My QUT colleague Axel Bruns is live blogging a conference in Germany on the political dimensions of Web 2.0: "Das Internet zwischen egalitärer Teilhabe und ökonomischer Vermachtung". The opening keynote by Karl-Heinz Ladeur on social media and the law sounded particularly fascinating, in large part to a couple of novel suggestions on how the law can adapt to regulate social media. This is part of Axel's summary:
New rules for communication are emerging here, then, and the law needs to react to this. One approach is to build on existing media law, but Karl-Heinz says that this is unlikely to be particularly successful; on a meta-level, perhaps it would be better to inoculate, to irritate, the inherent self-organisation processes which already exist in social media in order to get these media forms themselves to evolve appropriate rules. This would be more similar to the voluntary codes of ethics in many media sectors - but it must be recognised that the networked organisation of social media still works differently from the more hierarchical structures of broadcast media, for example.
One key field to address here is privacy, where solutions could possibly draw on copyright protection mechanisms: rather than focussing on protecting the data of the individual, on a person-by-person basis, perhaps it would be possible to develop a collecting agency-style collective privacy enforcement agency - an information broker - fighting for privacy rights of user by bundling their individual rights and/or negotiating cases where the use of private data is permissible and in the interest of private individuals (in order to ensure transparency of financial transactions, for example).
Another suggestion relates to eBay and similar sites, where personal rating systems build on the wisdom of crowds to establish personal trustworthiness ratings.

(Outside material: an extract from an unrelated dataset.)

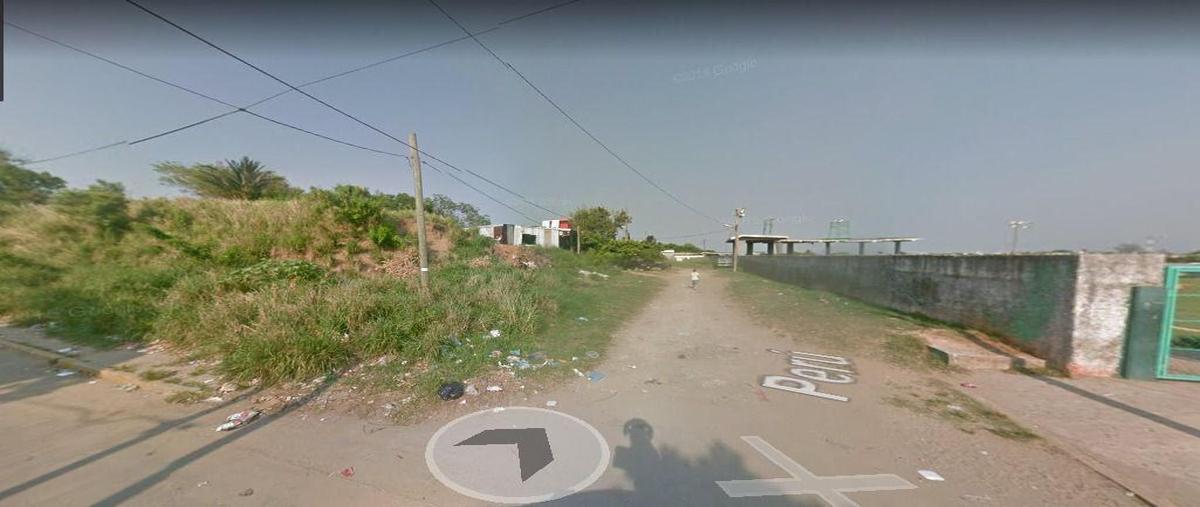 Foto de terreno habitacional en perú l24 manzana 95 esquina ayuntamiento , benito juárez sur, coatzacoalcos, veracruz de ignacio de la llave, 25054272 foto 01 Foto de terreno habitacional en venta en perú l24 manzana 95 esquina ayuntamiento , benito juárez sur, coatzacoalcos, veracruz de ignacio de la llave, 25054272 No. 01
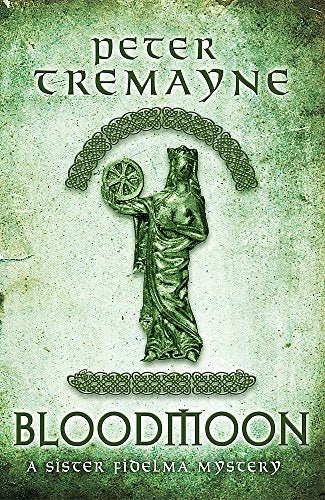 Book cover with green and grey tones, featuring a sculpted figure.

Such ratings are complicated today by the fact that making negative ratings could lead to court cases or other repercussions which are not worth the risk if the original transaction covered only small amounts of money in the first place. Karl-Heinz suggests the development of self-organised 'cybercourts' which could reduce such risks by acting as a middle layer in person-on-person buyer/seller ratings, and address exceptionally positive or negative ratings. (This is perhaps not unlike the way that travel advisory sites like IGoUGo act as a middle layer capturing and accumulating the wisdom of tourists without creating the risk that any individual rater may be sued by a hotel operator unhappy with having received a negative rating.)